Insinuamos tan sólo la pregunta no para tratarla y resolverla en una humilde conversación como ésta, sino solamente para llamar nuestra atención sobre este tema central de la problemática contemporánea, y para poner hoy en evidencia una dificultad que proviene de nuestra profesión cristiana; no hablamos ahora del problema ya conocido del teocentrismo, es decir, de la posición central que Dios ocupa en la concepción de la vida cristiana, frente a la autoidolatría moderna, con el antropocentrismo; no hablamos, pues, de la concepción humanista y profana que coloca al hombre en el centro de todo. Nos referimos más bien a la actitud penitencial, que es condición previa para la participación en el “Reino de los cielos” (Mt 3,2), y que se llama “metanoia, conversión”, es decir, un cambio profundo y operante de pensamientos, de sentimientos, de conducta que obliga a una cierta renuncia de sí mismo, y que va unida tanto al aprendizaje como a la observancia de la norma cristiana; esta actitud aconseja renuncias, a veces muy grandes, como los votos religiosos; infunde en el fiel con un gran disgusto, aunque saludable, el sentido del pecado; exige la vigilancia sobre peligros y tentaciones que acechan continuamente a nuestra vida; señala al camino del hombre la vía estrecha, única que conduce a la salvación (cf.

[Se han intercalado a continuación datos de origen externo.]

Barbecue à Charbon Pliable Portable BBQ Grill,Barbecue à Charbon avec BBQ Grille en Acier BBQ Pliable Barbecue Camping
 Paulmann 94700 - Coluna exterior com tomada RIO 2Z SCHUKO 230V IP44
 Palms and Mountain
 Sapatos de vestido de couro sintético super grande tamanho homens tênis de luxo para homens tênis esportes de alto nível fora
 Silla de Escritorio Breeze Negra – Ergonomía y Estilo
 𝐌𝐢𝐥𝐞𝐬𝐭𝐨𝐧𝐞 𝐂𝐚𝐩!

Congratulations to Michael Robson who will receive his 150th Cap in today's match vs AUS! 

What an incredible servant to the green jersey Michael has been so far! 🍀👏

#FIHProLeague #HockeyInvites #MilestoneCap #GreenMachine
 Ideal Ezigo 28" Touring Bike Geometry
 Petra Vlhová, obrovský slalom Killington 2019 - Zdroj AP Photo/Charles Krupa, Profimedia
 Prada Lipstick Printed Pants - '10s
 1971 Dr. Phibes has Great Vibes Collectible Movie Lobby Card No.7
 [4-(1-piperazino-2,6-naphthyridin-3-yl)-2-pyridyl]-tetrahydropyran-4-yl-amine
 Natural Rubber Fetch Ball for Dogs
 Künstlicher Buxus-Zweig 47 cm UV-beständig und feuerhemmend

Mt 7,13-14); pide una imitación de Cristo, nada fácil, y nos empuja hasta el amor de su cruz y a alguna participación en su sacrificio. La vida cristiana estima en mucho la abnegación, la mortificación, la penitencia. (Confróntese, por ejemplo, la severidad exigida al hombre contra aquello que en el hombre mismo puede ser fuente de pecado, Mt 5,29-30; 18,8).